• [Aim of the task]: With pictures left out, set down exactly the lines from the line containing "MIXER มิกเซอร์ SOUNDCRAFT" through the last line of the data.

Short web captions
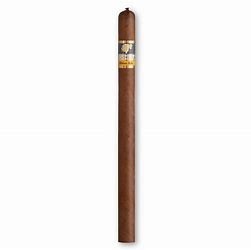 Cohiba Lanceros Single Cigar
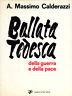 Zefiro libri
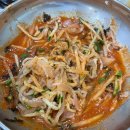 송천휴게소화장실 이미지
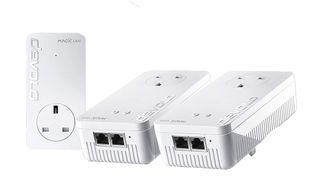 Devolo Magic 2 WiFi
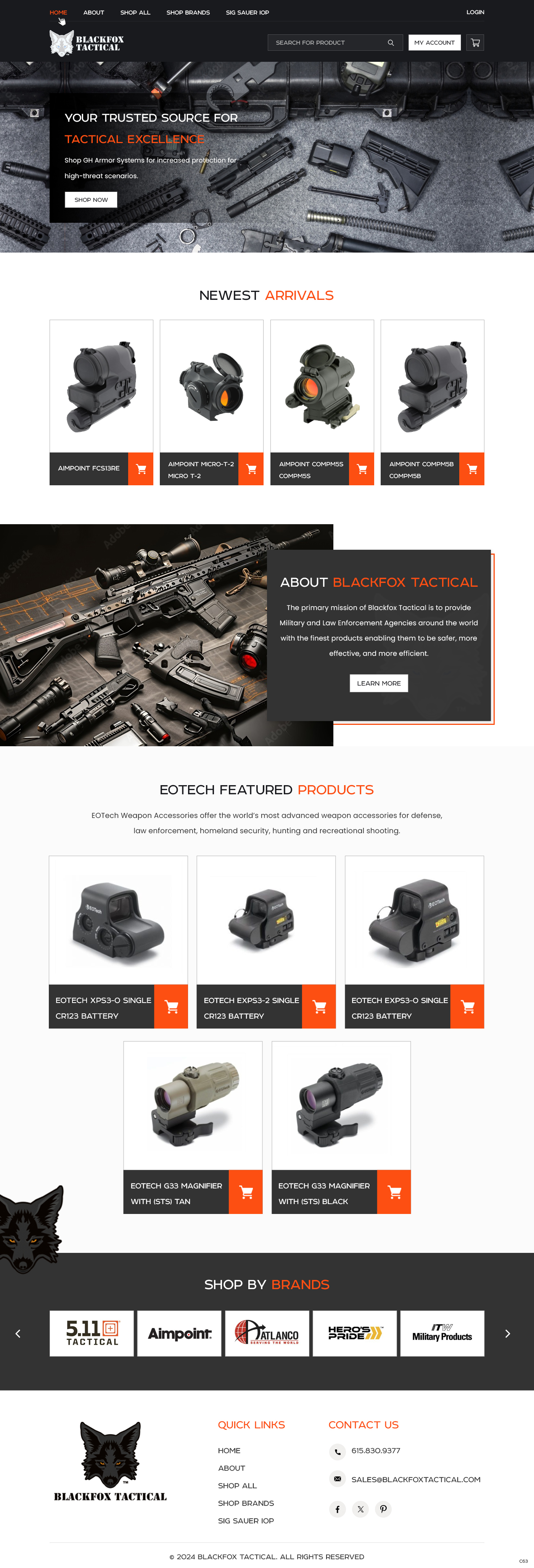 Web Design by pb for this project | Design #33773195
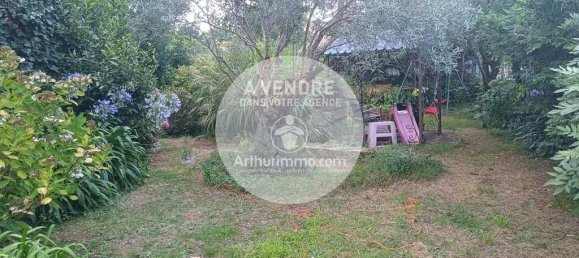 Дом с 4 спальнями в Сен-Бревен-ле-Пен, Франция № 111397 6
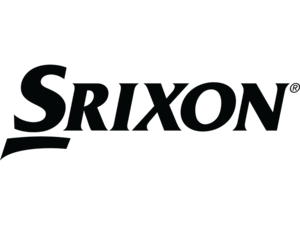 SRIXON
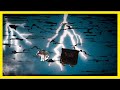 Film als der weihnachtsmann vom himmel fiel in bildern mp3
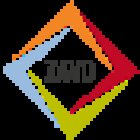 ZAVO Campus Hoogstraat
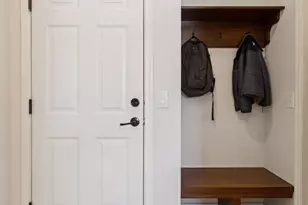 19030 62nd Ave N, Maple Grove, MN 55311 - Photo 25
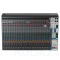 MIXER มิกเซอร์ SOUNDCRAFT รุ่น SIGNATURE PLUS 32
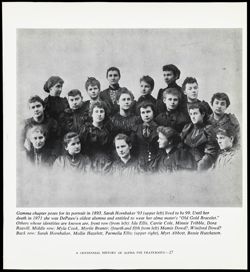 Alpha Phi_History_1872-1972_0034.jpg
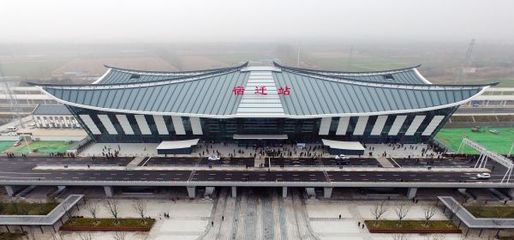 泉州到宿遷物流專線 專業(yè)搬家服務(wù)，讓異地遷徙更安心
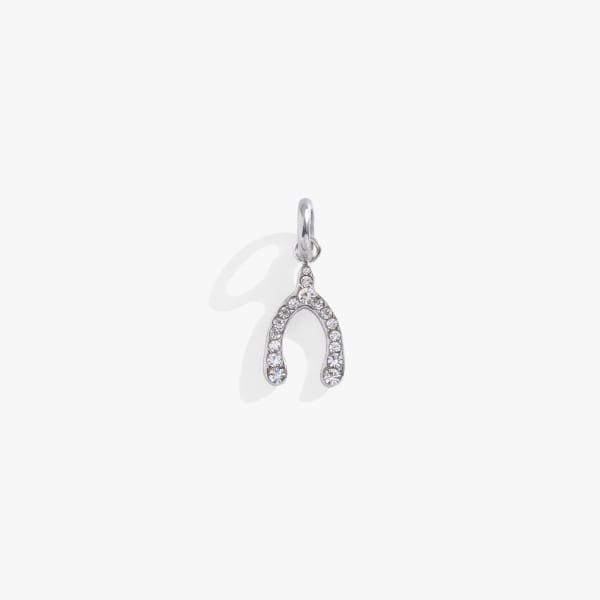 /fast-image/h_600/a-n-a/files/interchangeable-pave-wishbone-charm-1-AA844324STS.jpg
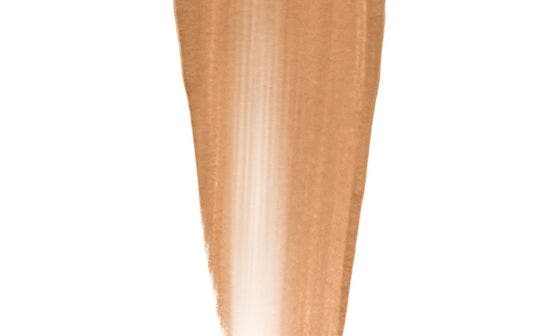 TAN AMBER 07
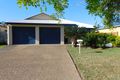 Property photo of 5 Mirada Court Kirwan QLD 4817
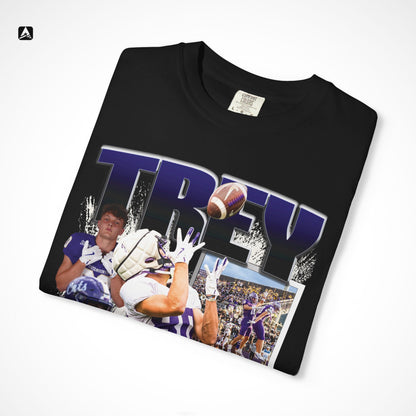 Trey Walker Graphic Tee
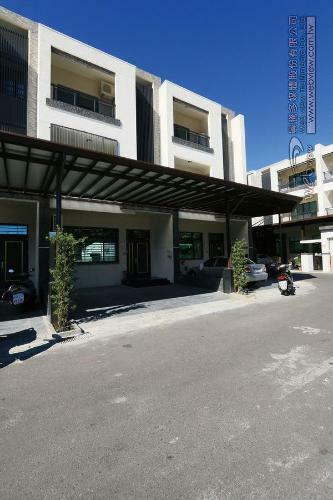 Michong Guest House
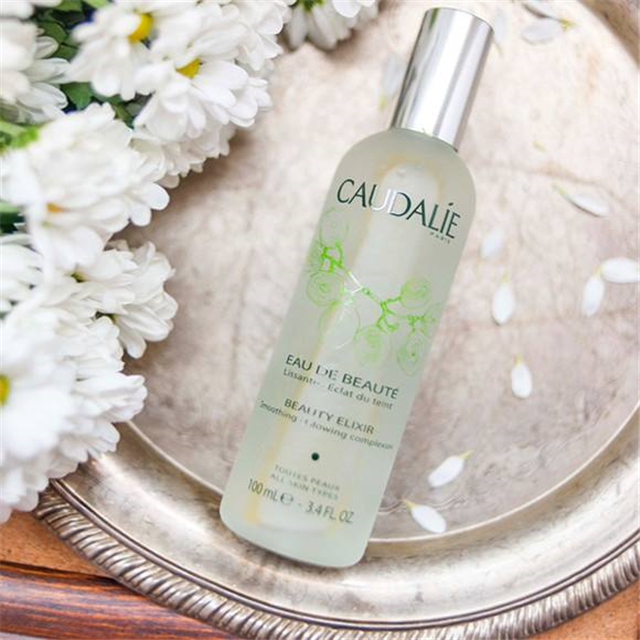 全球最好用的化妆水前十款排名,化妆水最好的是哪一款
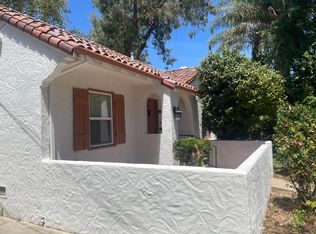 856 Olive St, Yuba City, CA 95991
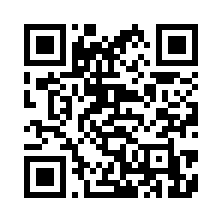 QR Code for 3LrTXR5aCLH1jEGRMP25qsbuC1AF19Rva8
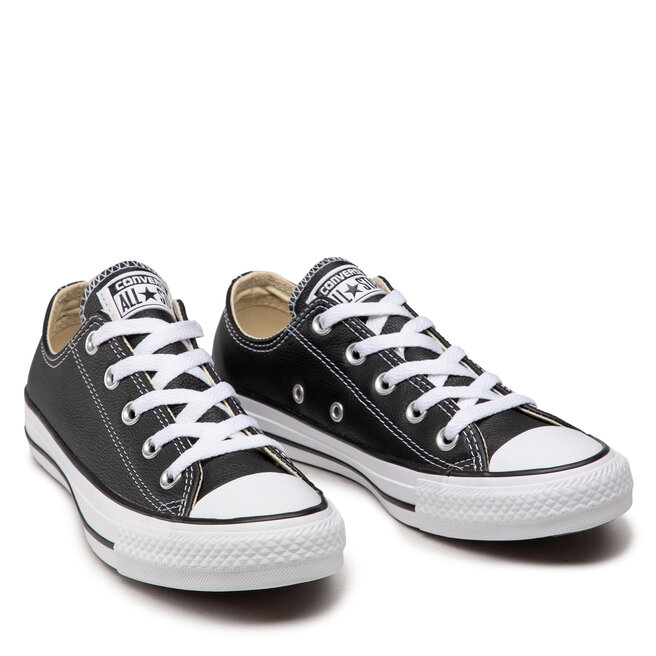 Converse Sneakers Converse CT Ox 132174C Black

• [Exercise answer]:
 MIXER มิกเซอร์ SOUNDCRAFT รุ่น SIGNATURE PLUS 32
 Alpha Phi_History_1872-1972_0034.jpg
 泉州到宿遷物流專線 專業(yè)搬家服務(wù)，讓異地遷徙更安心
 /fast-image/h_600/a-n-a/files/interchangeable-pave-wishbone-charm-1-AA844324STS.jpg
 TAN AMBER 07
 Property photo of 5 Mirada Court Kirwan QLD 4817
 Trey Walker Graphic Tee
 Michong Guest House
 全球最好用的化妆水前十款排名,化妆水最好的是哪一款
 856 Olive St, Yuba City, CA 95991
 QR Code for 3LrTXR5aCLH1jEGRMP25qsbuC1AF19Rva8
 Converse Sneakers Converse CT Ox 132174C Black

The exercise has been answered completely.